Finerenone reduces CV events, renal outcomes in T2D-related CKD
22 Apr 2022
byStephen Padilla
A pooled analysis of 13,171 patients from both the FIDELIO-DKD and FIGARO-DKD trials has confirmed the beneficial effects of finerenone, according to results of FIDELITY study, presented at the recently concluded American College of Cardiology Annual Scientific Session (ACC 2022).
The composite outcomes of cardiovascular (CV) death, myocardial infarction (MI), stroke, and hospitalization for heart failure (HHF) were lower with finerenone compared with placebo (12.7 percent vs 14.4 percent; HR, 0.86, 95 percent CI, 0.78‒0.95; p=0.0018). [Eur Heart J 2022;43:474-484]
Time to kidney failure, sustained ≥57-percent decrease in eGFR from baseline, or renal death was also significantly reduced with finerenone (5.5 percent vs 7.1 percent; HR, 0.77, 95 percent CI, 0.67‒0.88; p=0.0002), as were all-cause mortality (8.5 percent vs 9.4 percent; p=0.051) and all-cause hospitalization (43.5 percent vs 45 percent; p=0.087) relative to placebo.

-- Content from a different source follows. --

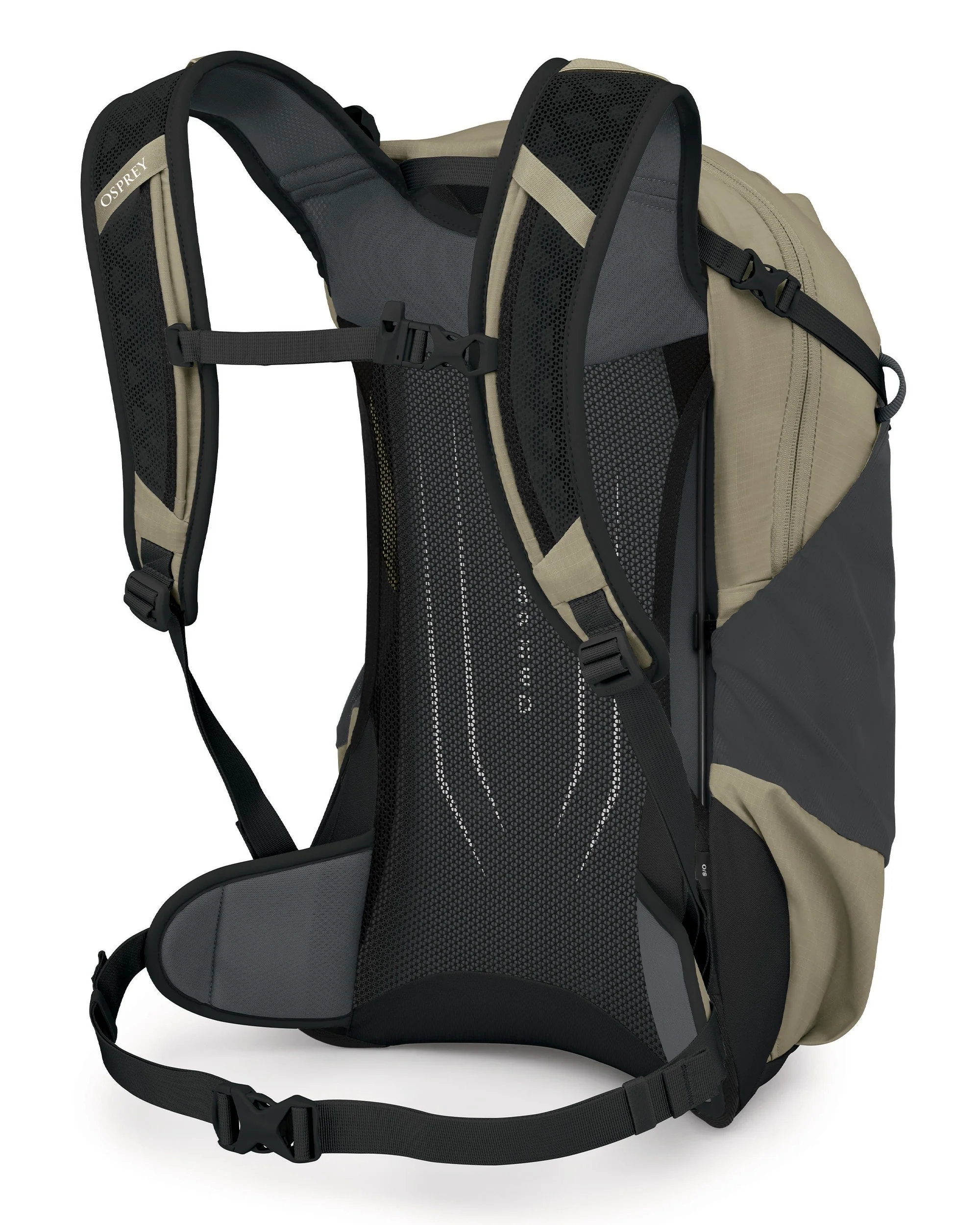 Hikelite 18 - Olive Tan - Image 2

In addition, FIDELITY confirmed the beneficial effects of finerenone on CV and renal outcomes regardless of baseline atherosclerotic cardiovascular disease history. Notably, patients with symptomatic heart failure with reduced ejection fraction (HFrEF) were excluded from the trials.
FIDELIO
Previously use of finerenone led to favourable CV and renal outcomes among patients with type 2 diabetes (T2D) and chronic kidney disease (CKD) receiving maximal renin-angiotensin system therapy, results of the FIDELIO-DKD trials showed.
Finerenone also reduced the incidence of atrial fibrillation (AF) or flutter (AFL) but increased the risk of hyperkalaemia in this patient population.

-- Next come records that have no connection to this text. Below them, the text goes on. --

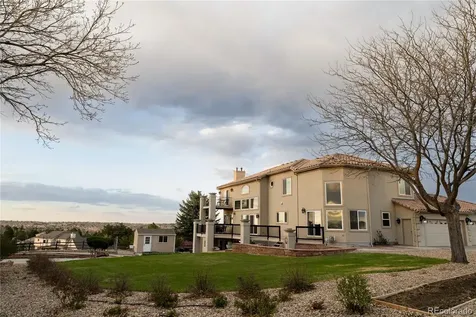 7485 S Flanders Street Centennial CO 80016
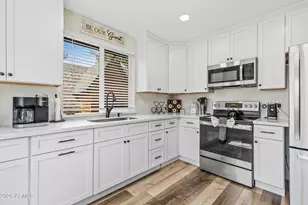 860 E Beaver Pl, Munds Park, AZ 86017 - Photo 37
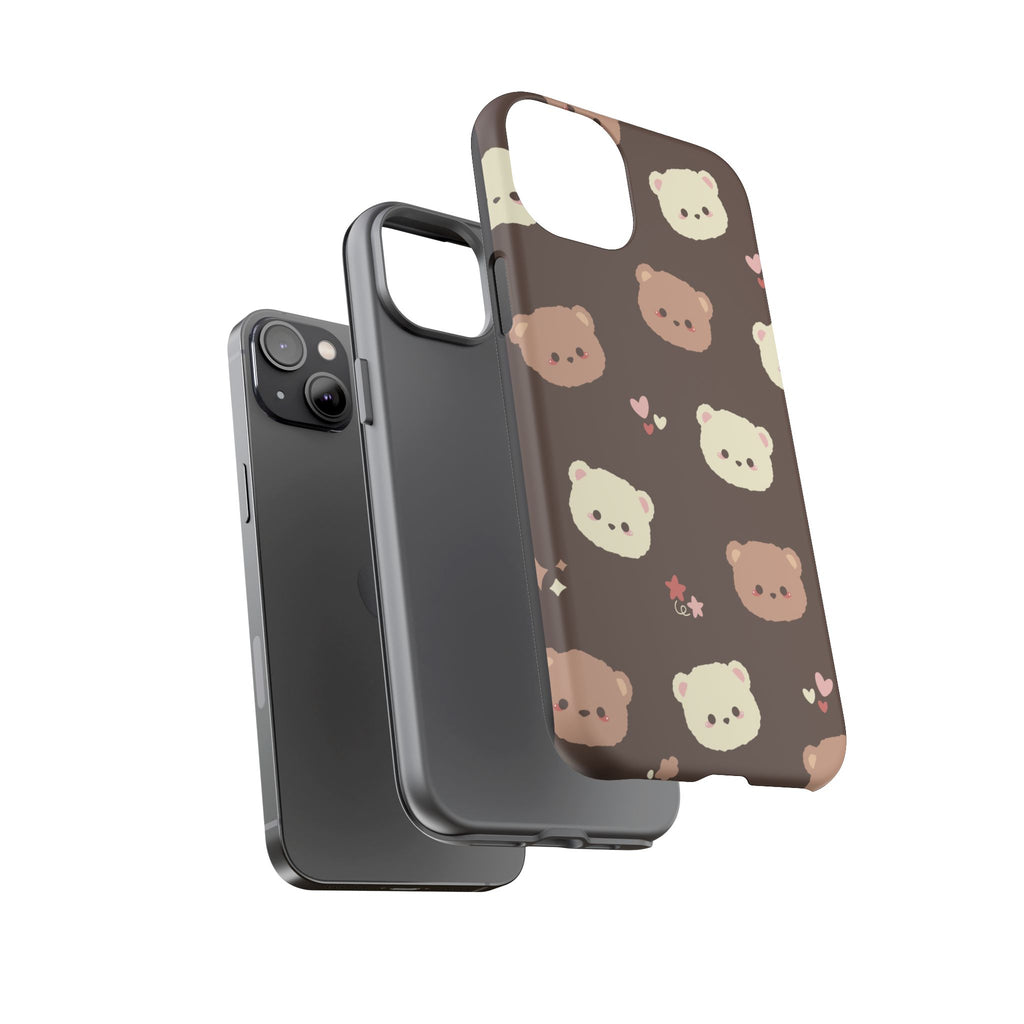 Tough Cases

“This is hypothesis generating and will likely need to be further validated,” Dharam J. Kumbhani, MD, of the ACC said, noting a similar benefit with eplerenone but not with spironolactone (different patient populations, but all of them are mineralocorticoid receptor antagonists [MRAs]).

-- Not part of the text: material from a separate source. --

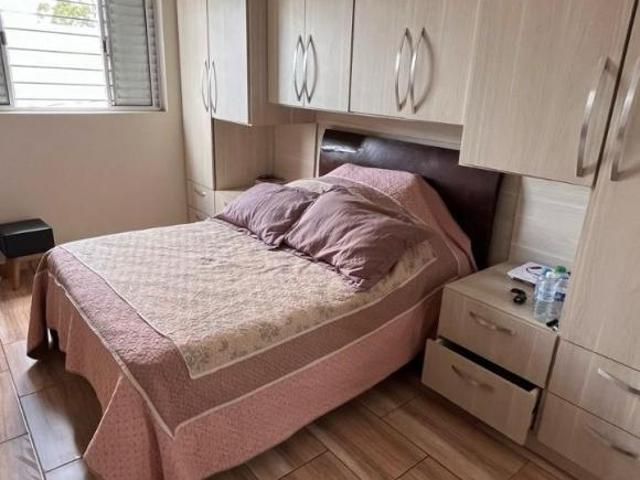 Apartamento venda em Região Imediata de Franca, Juranda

A total of 13,911 patients (mean age 66 years, 30 percent female) were screened, but only eligible patients were randomized to receive finerenone (n=5,292) or placebo (n=5,292). Those with HFrEF and New York Heart Association class II-IV, uncontrolled hypertension, glycated haemoglobin >12 percent, and other kidney disease were excluded.
Patients with an estimated glomerular filtration rate (eGFR) between 25 and 60 ml/min/1.73 m2 at the screening visit received an initial dose of 10 mg once daily, while those with an eGFR ≥60 ml/min/1.73 m2 received an initial dose of 20 mg once daily. After 1 month, dose was increased from 10 to 20 mg once daily if the serum potassium level was ≤4.8 mmol/L and the eGFR was stable.
The composite outcome of kidney failure, sustained decrease of 40 percent in the eGFR from baseline, or death from renal causes occurred less frequently among patients in the finerenone group compared with those in the placebo group (17.8 percent vs 21.1 percent; hazard ratio [HR], 0.82, 95 percent confidence interval [CI], 0.73‒0.93; p=0.0014).
Likewise, treatment with finerenone resulted in more favourable secondary outcomes, except for hyperkalaemia (15.8 percent vs 7.8 percent), relative to placebo: CV death, MI, stroke and HHF (13 percent vs 14.8 percent; p=0.03), CV death (4.5 percent vs 5.3 percent; p>0.05), nonfatal MI (2.5 percent vs 3.1 percent), and HHF (4.9 percent vs 5.7 percent).
The rate of new-onset AF or AFL over 2.6 years was also lesser for finerenone compared with placebo (3.2 percent vs 4.5 percent; HR, 0.71, 95 percent CI, 0.53‒0.94; p=0.016). Baseline AF/AFL was present in 8.1 percent of patients. No between-group difference was seen for primary or key secondary renal or CV outcomes based on AF/AFL history, but CV events were higher among patients with AF/AFL compared to those without.
“Finerenone is a novel, nonsteroidal, selective MRA with anti-inflammatory and antifibrotic effects,” the researchers said. “It is thought to have higher potency and less hyperkalaemia than steroidal MRAs such as spironolactone and eplerenone.”